Baroness Symons of Vernham Dean

My Lords, I agree with that wholeheartedly. I hope, given what the noble Lord, Lord Howell of Guildford, has said today, that he will be on the front foot on this issue about winning the peace and that the Opposition will be on the front foot about telling the world what a good job we are making of many issues in Iraq. We do not hear that from the party opposite. I remind those who attack the Government on this issue that the United Kingdom's declared reasons for war against Iraq were discussed fully in both Houses, with a vote in the House of Commons, a move unprecedented in modern times.
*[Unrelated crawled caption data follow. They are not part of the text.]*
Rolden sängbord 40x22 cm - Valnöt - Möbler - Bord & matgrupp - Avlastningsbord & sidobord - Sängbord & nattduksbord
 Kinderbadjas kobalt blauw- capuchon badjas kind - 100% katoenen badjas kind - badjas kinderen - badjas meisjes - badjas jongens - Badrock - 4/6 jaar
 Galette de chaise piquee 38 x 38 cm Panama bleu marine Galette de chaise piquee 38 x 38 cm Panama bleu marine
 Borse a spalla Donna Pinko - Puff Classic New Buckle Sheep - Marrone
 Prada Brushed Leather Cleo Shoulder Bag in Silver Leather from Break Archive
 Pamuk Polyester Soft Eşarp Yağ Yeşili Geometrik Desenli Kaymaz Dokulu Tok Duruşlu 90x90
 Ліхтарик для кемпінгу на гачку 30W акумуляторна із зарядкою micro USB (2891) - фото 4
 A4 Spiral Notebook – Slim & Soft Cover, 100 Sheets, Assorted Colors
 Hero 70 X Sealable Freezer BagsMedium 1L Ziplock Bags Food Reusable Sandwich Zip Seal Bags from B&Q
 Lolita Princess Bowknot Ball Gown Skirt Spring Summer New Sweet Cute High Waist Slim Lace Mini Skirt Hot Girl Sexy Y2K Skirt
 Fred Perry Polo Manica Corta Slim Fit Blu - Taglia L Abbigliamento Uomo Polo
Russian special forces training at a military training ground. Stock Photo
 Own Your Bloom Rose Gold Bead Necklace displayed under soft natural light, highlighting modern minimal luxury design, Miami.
I look forward to what the noble Lord will say as a result of these exchanges, to the media and elsewhere, about how well the coalition is doing in Iraq.

Baroness Walmsley

My Lords, when the ISG report or part of it is published, can the Minister assure the House that it will be published in the words of the ISG alone and that there will not be any suggested "adjustments", shall we say, to the wording from any member of the Prime Minister's private office?

Baroness Symons of Vernham Dean

My Lords, in the light of the findings of the noble and learned Lord, Lord Hutton, the implication behind that question is totally inappropriate. The noble Baroness is trying to revisit issues around the accusations of spin. The Government were cleared entirely of those accusations by the noble and learned Lord, Lord Hutton. If the noble Baroness does not understand that, she can read the report in full.